I’ve just started redesigning my business website – it’s been about a year and a half since I last did it. One of the main reasons is that most of my work over the last year has involved WordPress projects. I think it’s high time my own website was built in the content management system I recommend to clients!
As I’m working through the new site, I’m culling content from the old one. Some of the revised verbiage includes text about creating maintainable websites. What does that mean, exactly? Aren’t all websites maintainable?
For example… I’ve recently worked for a client integrating a blog into an existing site. The site is only about 2 years old, but it has a couple of major strikes against it in terms of maintainability.
The site was coded using a layout technique called tables. Tables have been around for a long time, but most professional developers moved away from them in the last several years in favor of CSS (cascading style sheets) for laying out sites.
What’s wrong with tables? One of the biggest problems is the large amount of excess code it adds to each page. Several extra lines of code are added for each bit of content in a table-based layout. For a complex design, this can really add up. It can also impact the speed of a site – larger pages load more slowly.
Making changes to a table-based site can be frustrating, complicated and slow. Wading through all that extra stuff takes time and it increases maintenance costs, and it’s sure a lot easier to make mistakes when working on one.
The site has a menu that uses images instead of text. Using images for menu links was long considered taboo if you were trying to improve search engine rankings because Google’s bots supposedly couldn’t follow image links. That’s not so much an issue now – but what was a problem is the enormous amount of code used on my client’s site to ‘power’ the menu.
To illustrate the difference between a simple text menu (which we could easily make look almost identical to the old image-based menu), I copied and pasted the code into a file for my client to check out. The code to run just the image menu took up over four pages. That was a shock to me, because it’s all completely unnecessary. In contrast, the code for the new menu took up about ½ of a page.

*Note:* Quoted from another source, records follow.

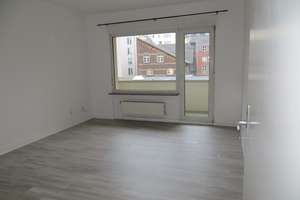 Seltene Gelegenheit im Agnesviertel: Leerstehende 3-Zimmer-Wohnung mit zwei Balkonen – Melchiorstraße 10, 50670 Neustadt/Nord, Köln – Vorschaubild 11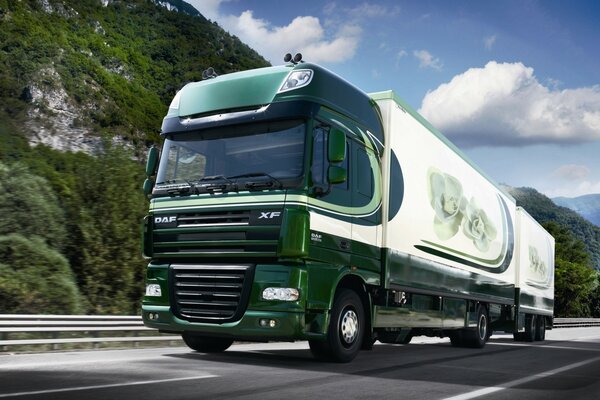 Il camion trasporta il carico sulla strada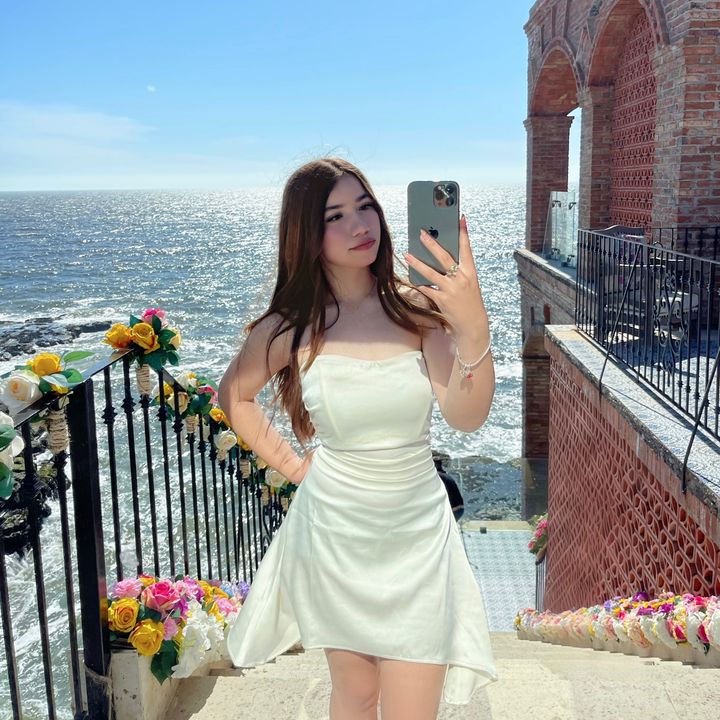 Profile Picture of ruby (@ruby_deluux) on Tiktok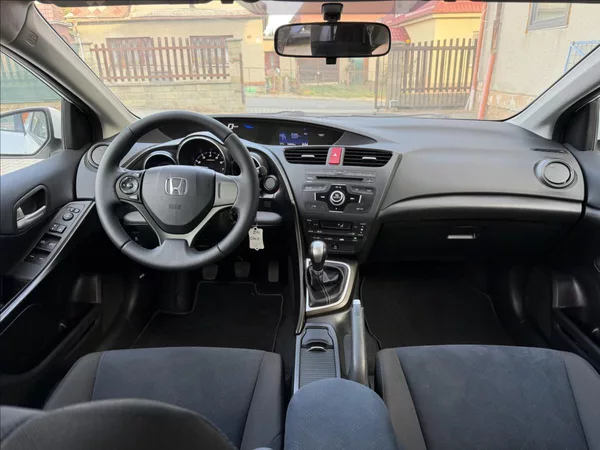 Honda Civic 1,8 i-VTEC COMFORT - foto 14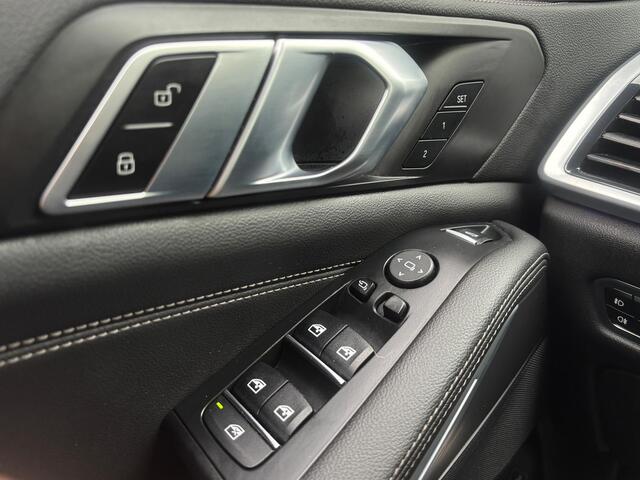 BMW X5 xDrive45e High Executive | 360 Camera | Memory Stoelen | Sfeerverlichting | HUD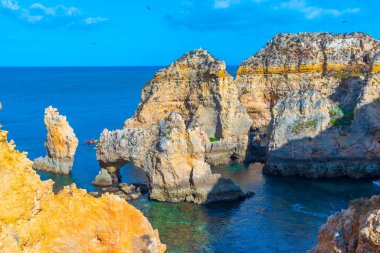 Portekiz, Lagos yakınlarındaki Ponta da Piedade uçurumları.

Removing all that extra code will benefit the site in a few ways; first, it’s a slow site anyway. It’s slow enough that when you run a mouse down the menu, there’s a delay for each menu item while the browser gets the next image from the server.
And maintenance of the menu? If you don’t have the original image files and fonts, you’re out of luck. Each menu button has to be created from scratch, and adding a new button (i.e., a new page on the website) is a minor nightmare.
So what happened with the project?
The site is small and the pages are not very complex, so they’ll stay in tables for now. But the client agreed to have us replace the menu with one that looks the same, but uses far less code. Each page on the site will probably be reduced about 60-70% in size which should speed up loading time. Plus, if the client decides to add new pages in the future, it will be an easy task to expand the number of links in the menu.
Ease of maintenance is an idea that doesn’t always pop up in a client’s mind during the web development process. But care – and a little forethought – during development can really decrease the time and money a business owner may eventually spend on his or her site down the road.